For many people, it could be the ease of providing care for an aging parent. It allows families to remain vigilant of their elderly relatives when they're home for work so that it is less likely for an emergency situation – like a fall – to go unnoticed. More than a fourth of all multi-generational homes came together for this reason.
For others, it's the ease of having a grandparent at home to take care of their grandchildren while the parent is at work.
And some families just wanted to make the most out of their time together!
Effect on the Housing Market
This trend is interesting because the need to live together is affecting home-buying decisions.
As people move toward purchasing larger homes, it is interesting how this can affect the rent to own market.

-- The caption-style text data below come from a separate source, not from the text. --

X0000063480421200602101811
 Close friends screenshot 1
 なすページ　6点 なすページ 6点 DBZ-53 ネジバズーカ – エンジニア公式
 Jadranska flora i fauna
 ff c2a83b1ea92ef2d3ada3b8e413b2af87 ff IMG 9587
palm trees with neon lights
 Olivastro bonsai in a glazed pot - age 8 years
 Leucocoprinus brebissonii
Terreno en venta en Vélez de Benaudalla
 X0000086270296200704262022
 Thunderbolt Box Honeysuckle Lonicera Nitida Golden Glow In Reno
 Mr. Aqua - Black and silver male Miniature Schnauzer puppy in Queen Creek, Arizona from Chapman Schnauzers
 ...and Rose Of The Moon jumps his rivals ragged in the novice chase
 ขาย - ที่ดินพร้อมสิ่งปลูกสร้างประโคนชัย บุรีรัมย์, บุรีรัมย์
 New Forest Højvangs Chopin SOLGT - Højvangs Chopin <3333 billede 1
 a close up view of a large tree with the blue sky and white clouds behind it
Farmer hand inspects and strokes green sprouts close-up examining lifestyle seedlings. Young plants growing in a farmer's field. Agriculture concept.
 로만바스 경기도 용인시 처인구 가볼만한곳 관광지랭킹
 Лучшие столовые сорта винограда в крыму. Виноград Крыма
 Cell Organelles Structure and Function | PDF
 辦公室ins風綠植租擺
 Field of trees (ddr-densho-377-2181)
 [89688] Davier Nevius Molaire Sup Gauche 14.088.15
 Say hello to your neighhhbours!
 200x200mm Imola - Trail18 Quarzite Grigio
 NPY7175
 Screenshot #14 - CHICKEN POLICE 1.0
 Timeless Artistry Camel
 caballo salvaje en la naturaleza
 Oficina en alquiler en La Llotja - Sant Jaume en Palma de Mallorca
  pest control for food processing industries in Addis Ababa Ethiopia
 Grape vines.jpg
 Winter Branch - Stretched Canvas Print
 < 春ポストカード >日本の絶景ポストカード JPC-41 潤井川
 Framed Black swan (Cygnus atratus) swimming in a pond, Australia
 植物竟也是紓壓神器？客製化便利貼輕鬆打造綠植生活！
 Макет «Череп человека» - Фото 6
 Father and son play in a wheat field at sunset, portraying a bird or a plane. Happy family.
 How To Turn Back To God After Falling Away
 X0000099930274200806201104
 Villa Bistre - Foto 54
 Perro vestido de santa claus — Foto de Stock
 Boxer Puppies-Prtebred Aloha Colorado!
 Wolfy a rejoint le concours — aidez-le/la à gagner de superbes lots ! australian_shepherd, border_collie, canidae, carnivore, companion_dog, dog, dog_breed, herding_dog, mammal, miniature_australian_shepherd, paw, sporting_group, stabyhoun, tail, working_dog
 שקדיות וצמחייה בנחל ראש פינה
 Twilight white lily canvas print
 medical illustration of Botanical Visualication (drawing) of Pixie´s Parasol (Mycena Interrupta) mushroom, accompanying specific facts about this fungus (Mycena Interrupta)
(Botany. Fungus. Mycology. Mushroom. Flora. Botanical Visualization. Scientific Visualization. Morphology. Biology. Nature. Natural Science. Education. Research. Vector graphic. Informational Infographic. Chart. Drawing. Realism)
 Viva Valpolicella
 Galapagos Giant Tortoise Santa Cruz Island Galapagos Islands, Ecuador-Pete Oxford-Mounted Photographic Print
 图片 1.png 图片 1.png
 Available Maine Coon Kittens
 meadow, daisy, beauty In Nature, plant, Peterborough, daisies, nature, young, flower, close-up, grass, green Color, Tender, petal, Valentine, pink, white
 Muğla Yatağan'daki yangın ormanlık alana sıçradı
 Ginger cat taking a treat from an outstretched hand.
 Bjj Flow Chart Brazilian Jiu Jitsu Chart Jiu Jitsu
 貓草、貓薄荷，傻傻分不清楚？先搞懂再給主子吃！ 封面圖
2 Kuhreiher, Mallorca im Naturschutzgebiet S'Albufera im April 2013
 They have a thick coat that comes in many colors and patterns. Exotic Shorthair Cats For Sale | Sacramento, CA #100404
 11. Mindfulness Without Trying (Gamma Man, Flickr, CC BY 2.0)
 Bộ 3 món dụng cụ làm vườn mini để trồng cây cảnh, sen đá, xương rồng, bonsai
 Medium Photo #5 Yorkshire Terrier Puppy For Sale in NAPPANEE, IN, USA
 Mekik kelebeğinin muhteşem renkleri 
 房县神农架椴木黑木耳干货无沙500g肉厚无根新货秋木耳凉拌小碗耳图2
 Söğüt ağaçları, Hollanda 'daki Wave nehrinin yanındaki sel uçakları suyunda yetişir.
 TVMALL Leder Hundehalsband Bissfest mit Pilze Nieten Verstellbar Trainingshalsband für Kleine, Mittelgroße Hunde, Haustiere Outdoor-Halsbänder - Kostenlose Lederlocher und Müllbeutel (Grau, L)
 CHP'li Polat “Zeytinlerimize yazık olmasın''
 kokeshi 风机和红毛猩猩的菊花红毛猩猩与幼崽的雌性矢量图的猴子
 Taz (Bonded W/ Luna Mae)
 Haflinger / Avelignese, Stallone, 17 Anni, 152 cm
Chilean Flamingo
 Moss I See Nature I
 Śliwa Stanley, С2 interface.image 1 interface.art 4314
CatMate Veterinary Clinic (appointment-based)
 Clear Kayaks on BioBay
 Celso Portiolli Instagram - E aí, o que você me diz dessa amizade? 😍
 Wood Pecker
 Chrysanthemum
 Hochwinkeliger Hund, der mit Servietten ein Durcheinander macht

In the case of families that come together to care for caretaking of a new child or an elderly relative, it can take a while for both generations' respective homes to sell. These families can live together in a larger home through rent to own and then easily transition into homeownership once they have the capital from the home sale to put towards a down payment.
Moving from place to place is inconvenient. When an aging relative or a child is in the picture, it is even more difficult for a family to move around from home to home. Rent to own offers them the option to stick with one place and it works for their transitional period.
These are excellent people to lease-option to because, as prior homeowners, they will likely have the capital to purchase the home by the time the rent to own lease term expires.